▸ To do: Every record should be copied exactly, and the images omitted.

Image-caption web data
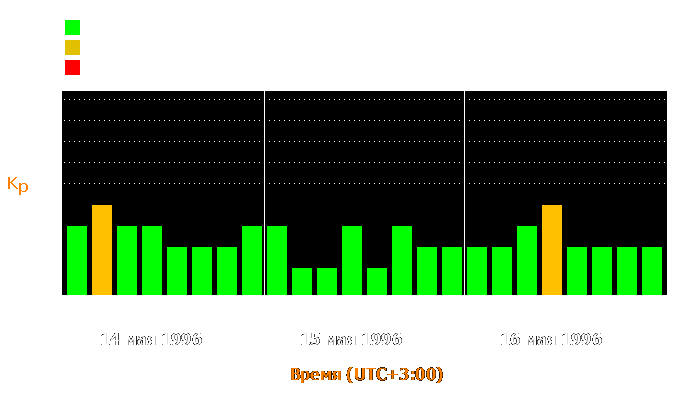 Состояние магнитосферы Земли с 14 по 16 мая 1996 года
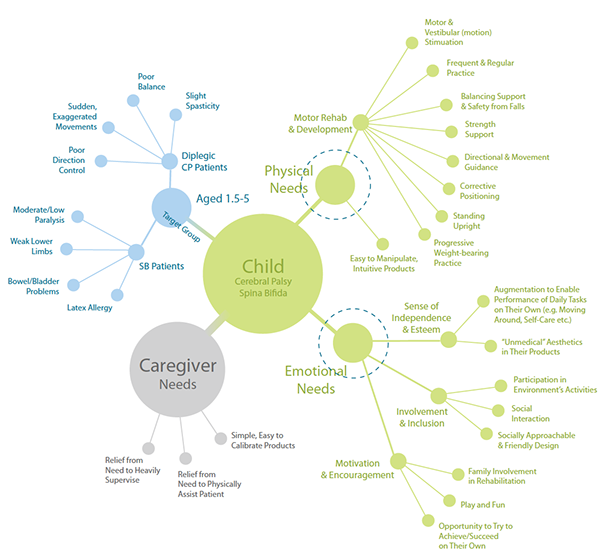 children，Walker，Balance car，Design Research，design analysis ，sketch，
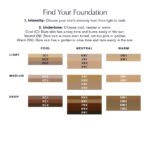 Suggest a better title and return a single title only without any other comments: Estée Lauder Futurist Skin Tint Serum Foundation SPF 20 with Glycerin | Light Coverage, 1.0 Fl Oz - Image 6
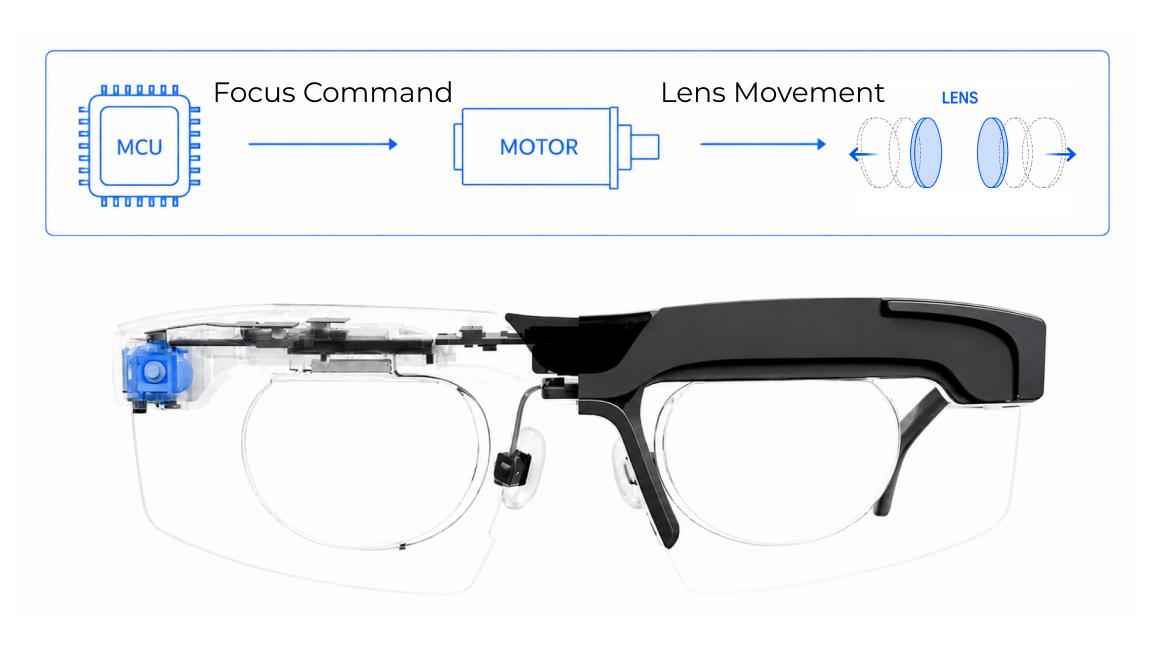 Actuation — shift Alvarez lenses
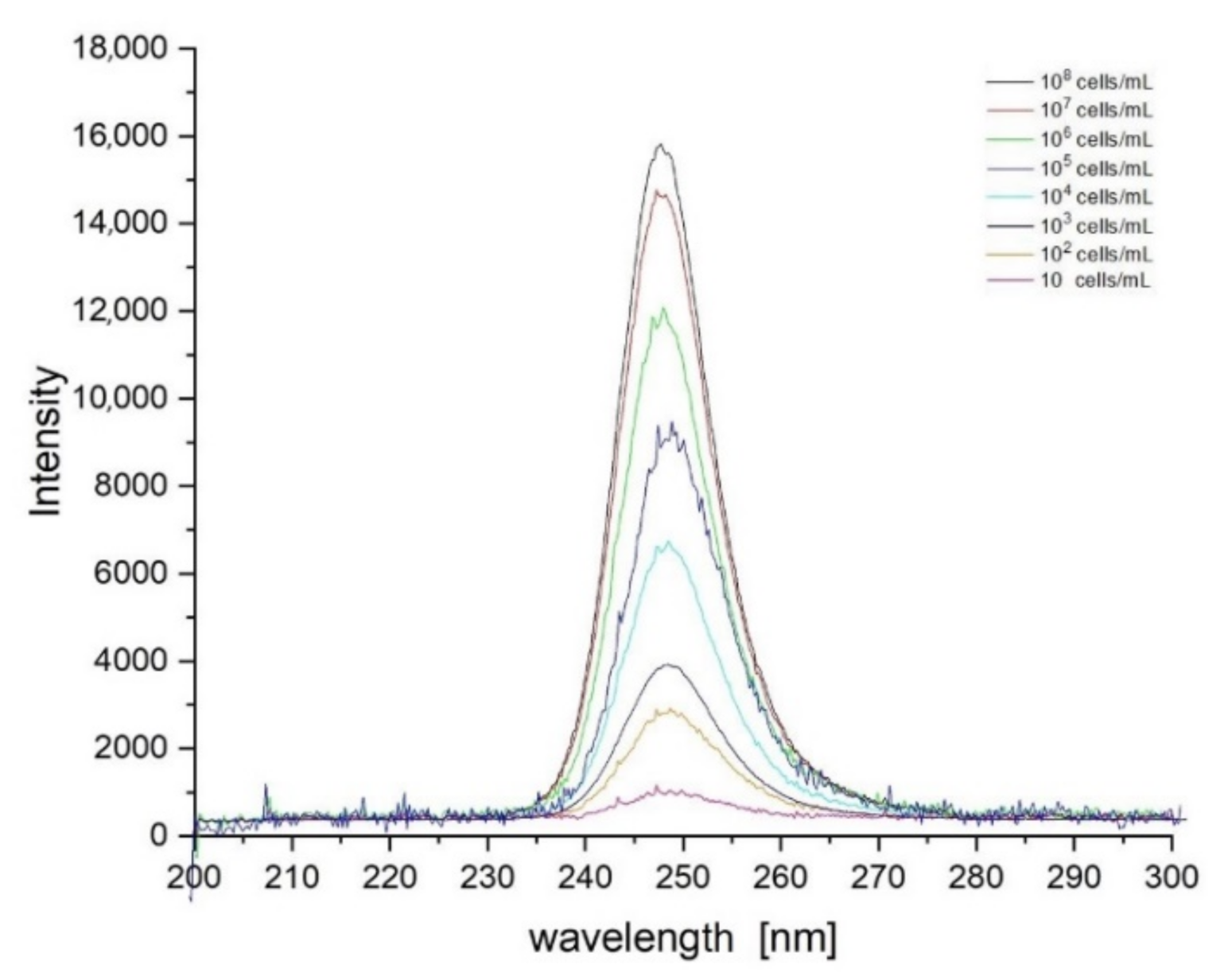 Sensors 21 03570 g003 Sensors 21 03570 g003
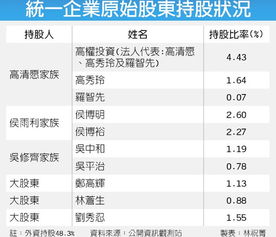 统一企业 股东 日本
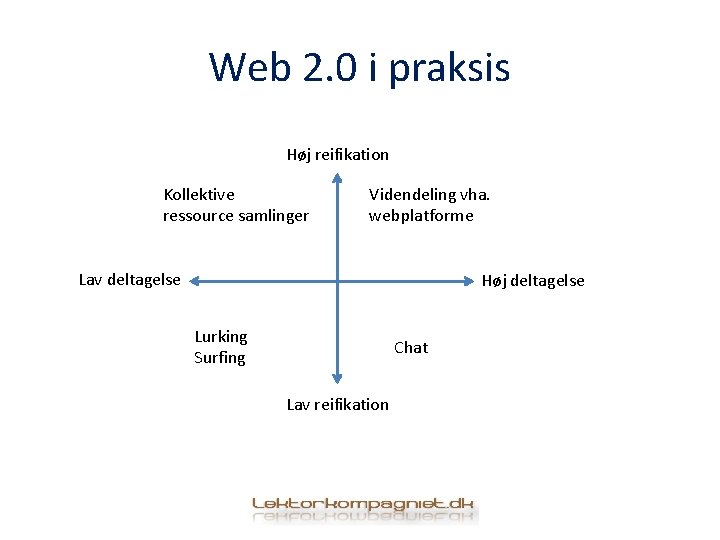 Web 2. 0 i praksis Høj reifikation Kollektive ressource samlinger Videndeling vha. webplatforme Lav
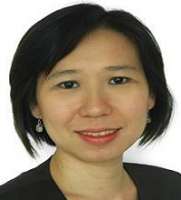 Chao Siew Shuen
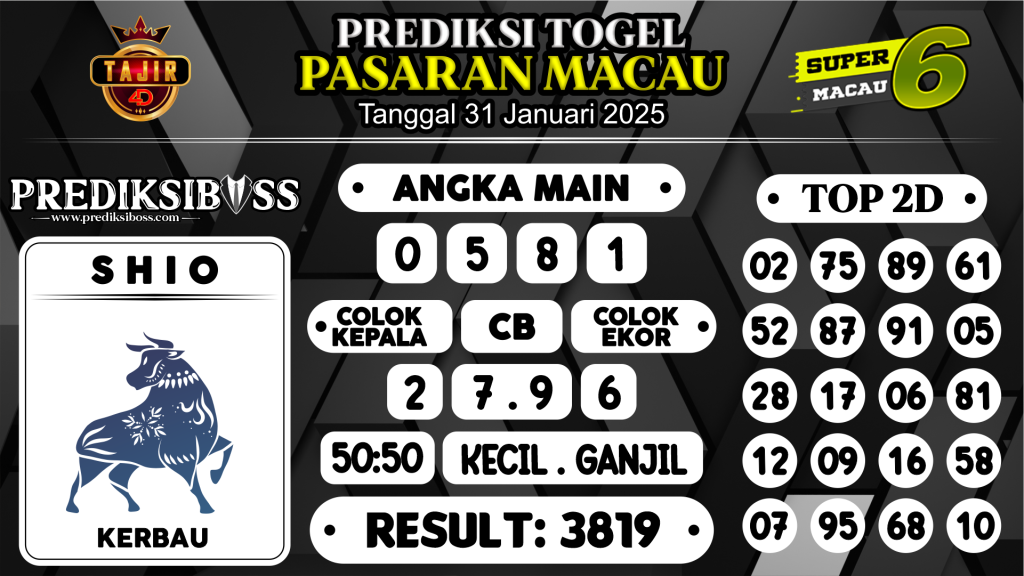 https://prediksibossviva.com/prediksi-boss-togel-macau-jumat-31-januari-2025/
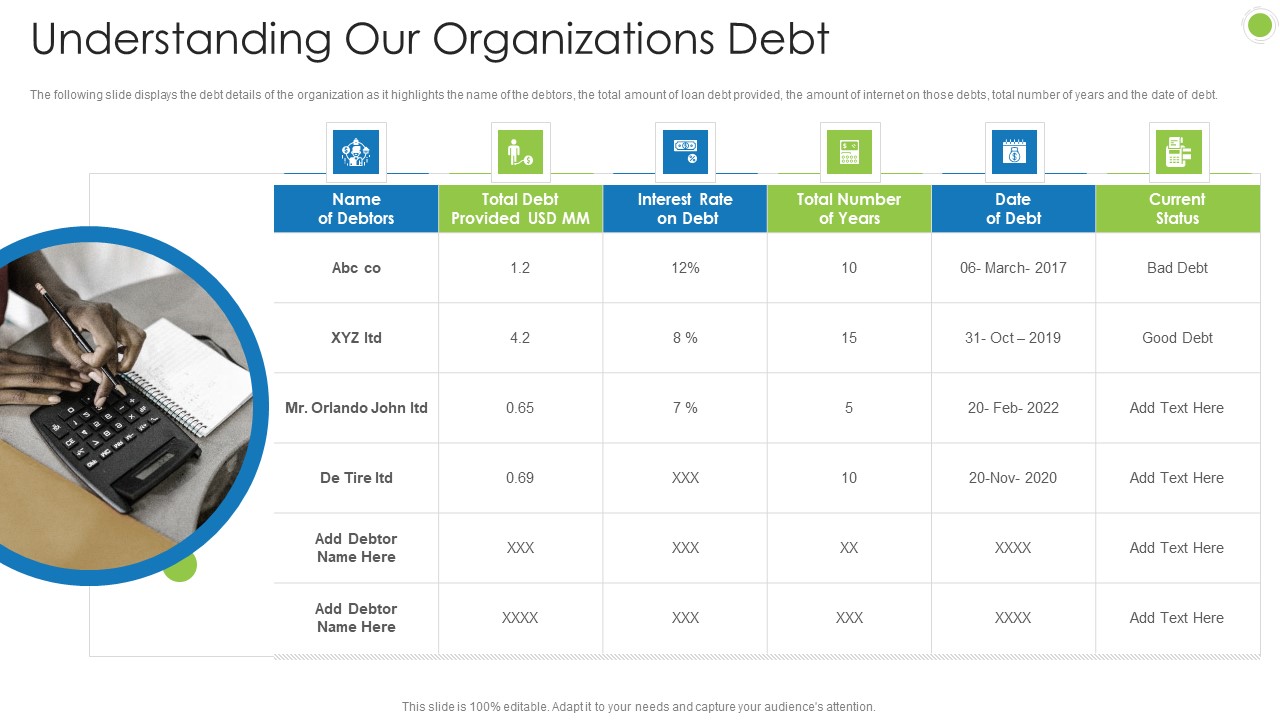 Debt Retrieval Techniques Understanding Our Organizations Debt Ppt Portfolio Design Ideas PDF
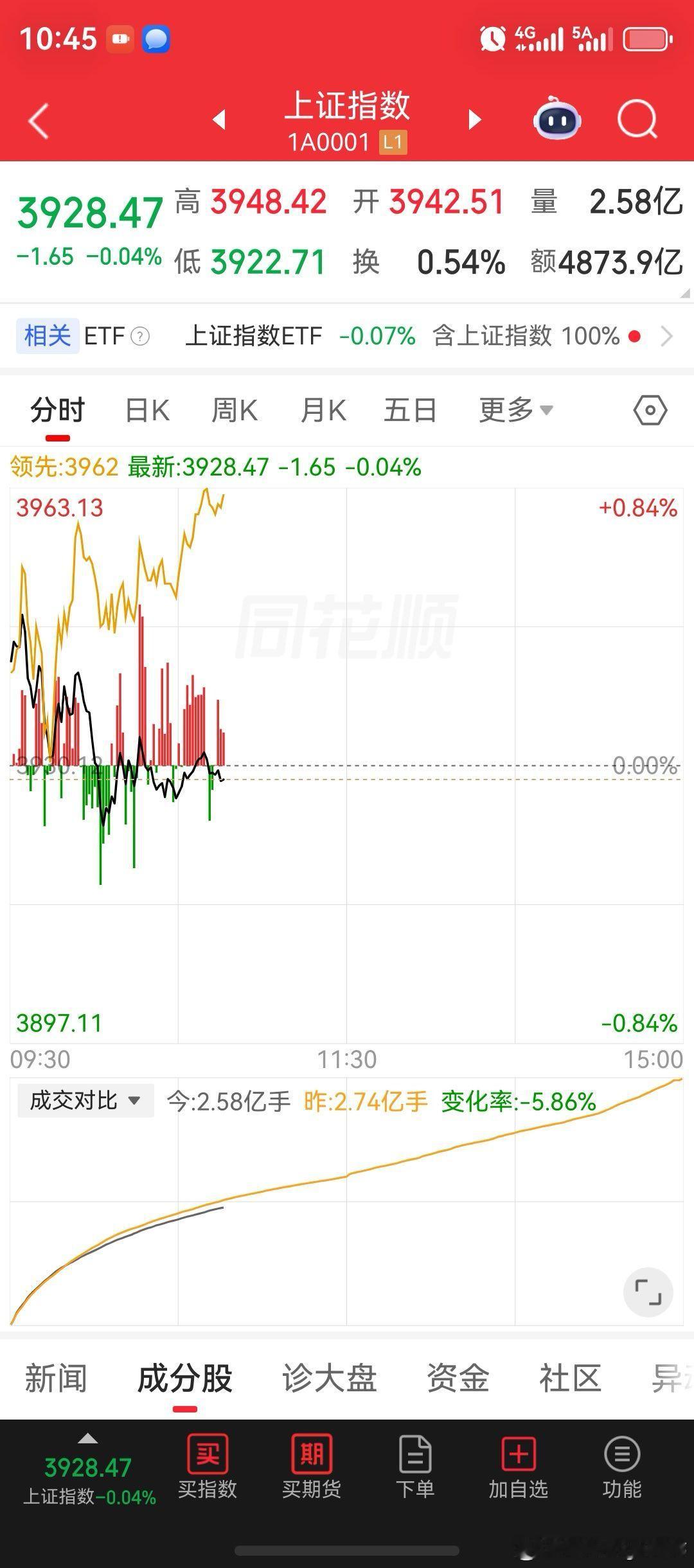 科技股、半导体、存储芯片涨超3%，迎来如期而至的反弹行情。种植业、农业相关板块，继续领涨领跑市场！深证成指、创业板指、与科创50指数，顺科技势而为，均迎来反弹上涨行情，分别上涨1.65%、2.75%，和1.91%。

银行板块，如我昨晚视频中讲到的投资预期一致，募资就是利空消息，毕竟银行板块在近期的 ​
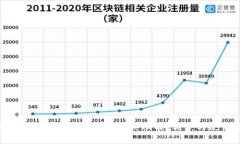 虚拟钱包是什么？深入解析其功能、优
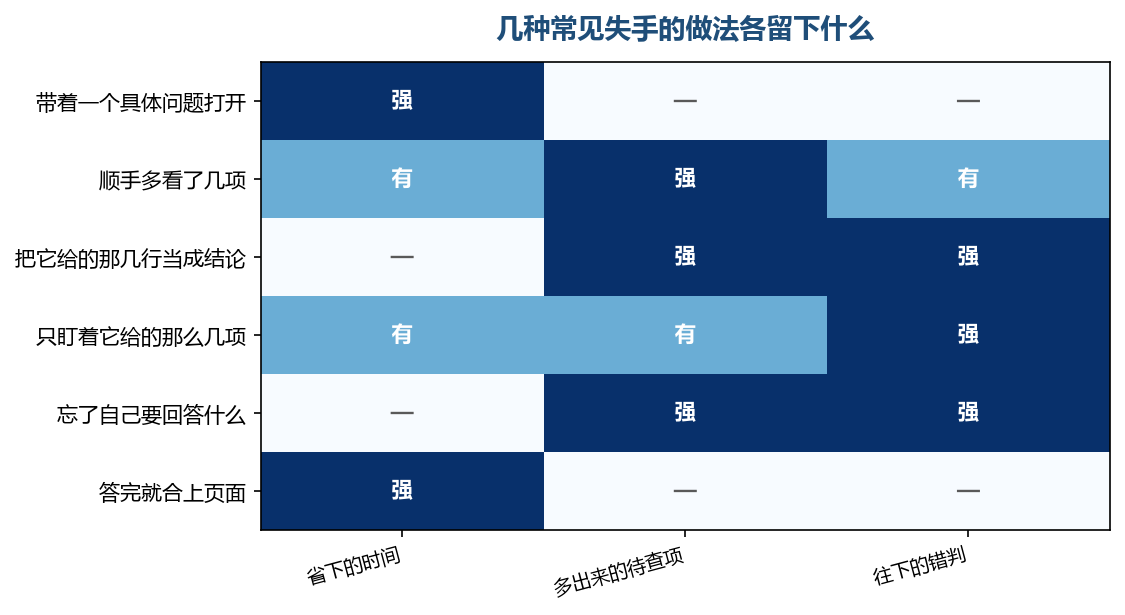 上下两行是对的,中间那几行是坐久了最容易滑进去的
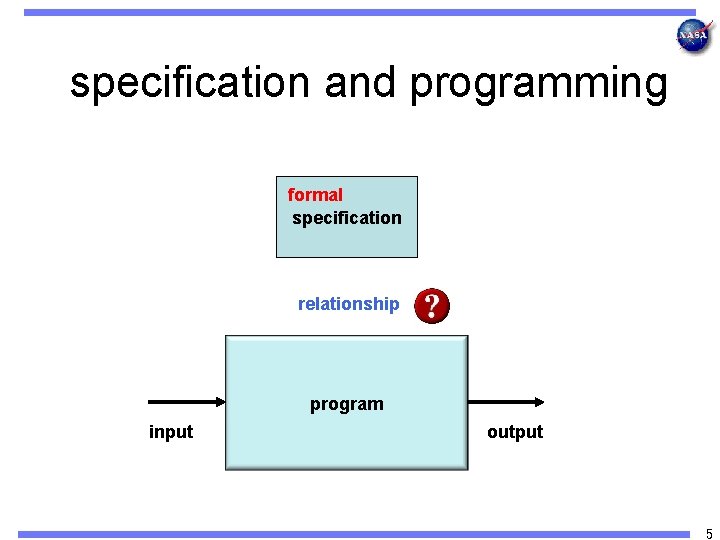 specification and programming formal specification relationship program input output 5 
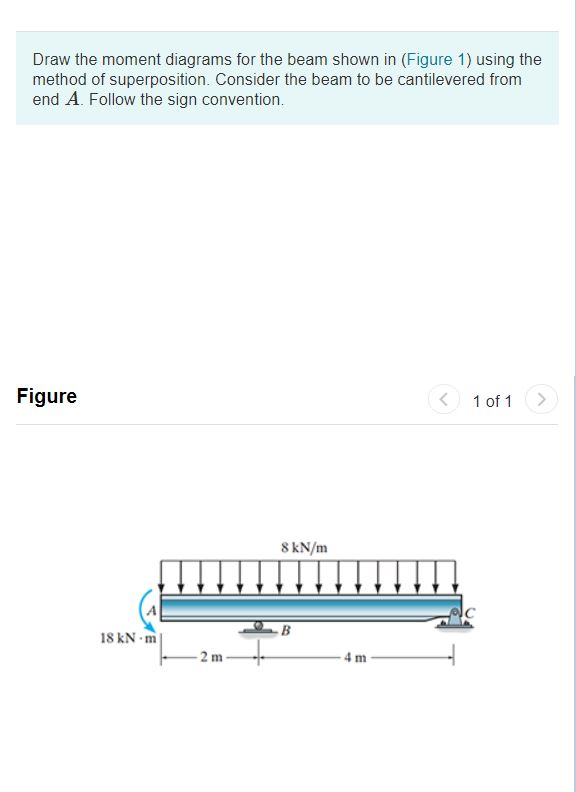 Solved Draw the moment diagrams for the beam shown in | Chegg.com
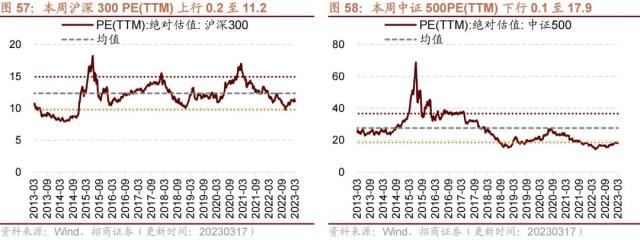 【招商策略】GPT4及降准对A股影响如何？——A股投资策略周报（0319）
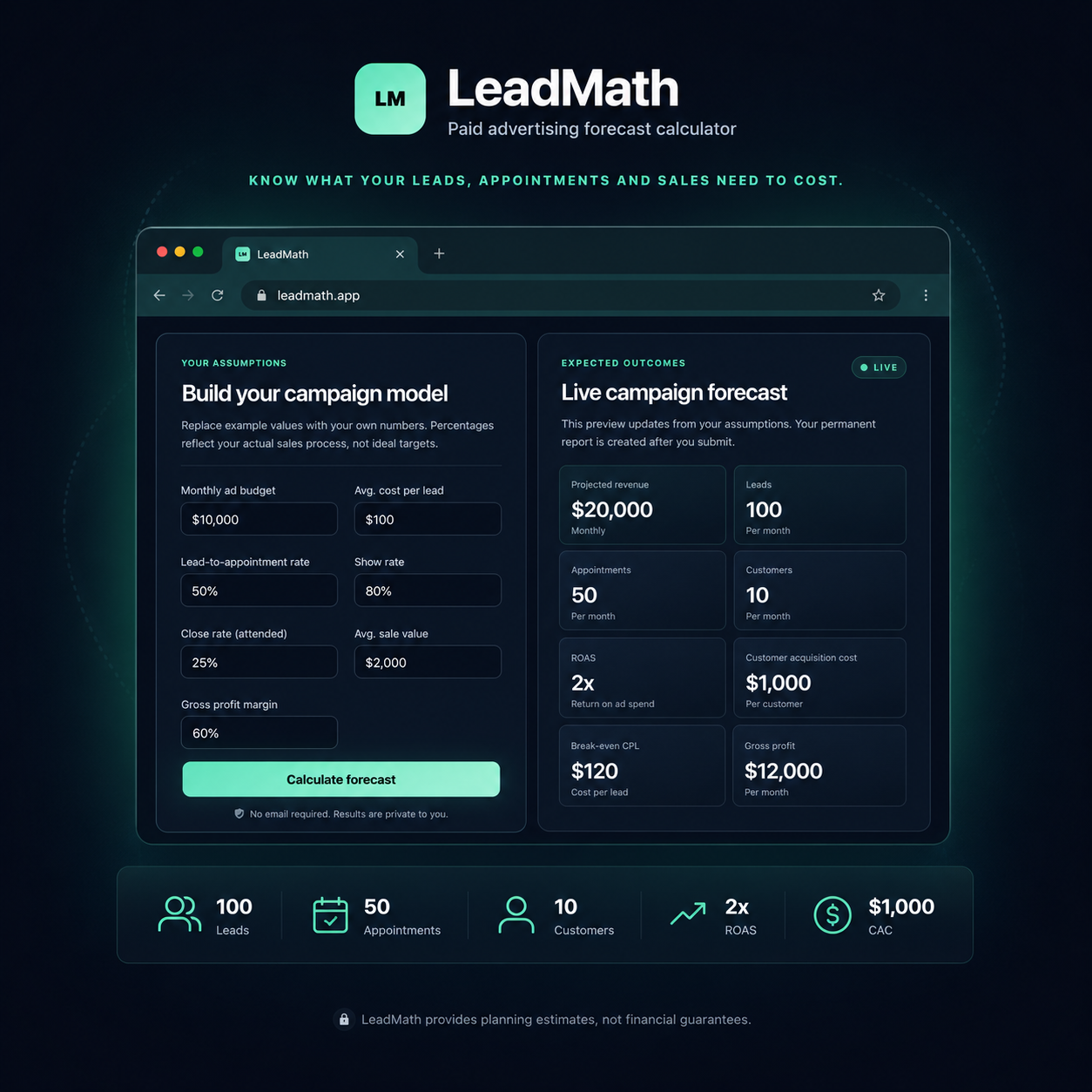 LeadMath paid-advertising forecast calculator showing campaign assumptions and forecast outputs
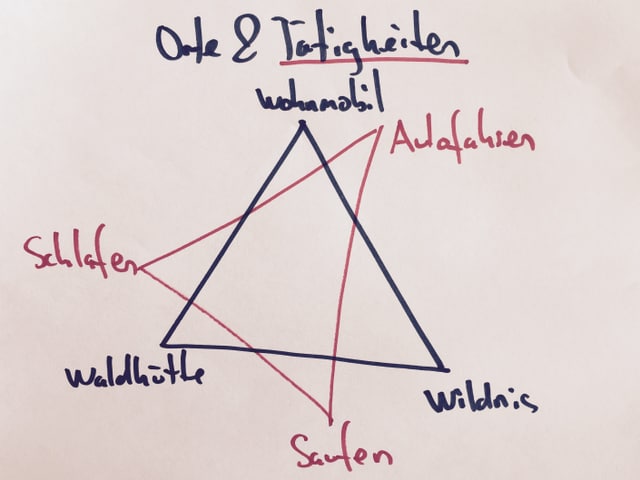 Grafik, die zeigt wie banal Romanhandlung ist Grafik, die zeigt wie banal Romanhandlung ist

▸ Result of the exercise:
 Состояние магнитосферы Земли с 14 по 16 мая 1996 года
 children，Walker，Balance car，Design Research，design analysis ，sketch，
 Suggest a better title and return a single title only without any other comments: Estée Lauder Futurist Skin Tint Serum Foundation SPF 20 with Glycerin | Light Coverage, 1.0 Fl Oz - Image 6
 Actuation — shift Alvarez lenses
 Sensors 21 03570 g003 Sensors 21 03570 g003
 统一企业 股东 日本
 Web 2. 0 i praksis Høj reifikation Kollektive ressource samlinger Videndeling vha. webplatforme Lav
 Chao Siew Shuen
 https://prediksibossviva.com/prediksi-boss-togel-macau-jumat-31-januari-2025/
 Debt Retrieval Techniques Understanding Our Organizations Debt Ppt Portfolio Design Ideas PDF
 科技股、半导体、存储芯片涨超3%，迎来如期而至的反弹行情。种植业、农业相关板块，继续领涨领跑市场！深证成指、创业板指、与科创50指数，顺科技势而为，均迎来反弹上涨行情，分别上涨1.65%、2.75%，和1.91%。

银行板块，如我昨晚视频中讲到的投资预期一致，募资就是利空消息，毕竟银行板块在近期的 ​
 虚拟钱包是什么？深入解析其功能、优
 上下两行是对的,中间那几行是坐久了最容易滑进去的
 specification and programming formal specification relationship program input output 5 
 Solved Draw the moment diagrams for the beam shown in | Chegg.com
 【招商策略】GPT4及降准对A股影响如何？——A股投资策略周报（0319）
 LeadMath paid-advertising forecast calculator showing campaign assumptions and forecast outputs
 Grafik, die zeigt wie banal Romanhandlung ist Grafik, die zeigt wie banal Romanhandlung ist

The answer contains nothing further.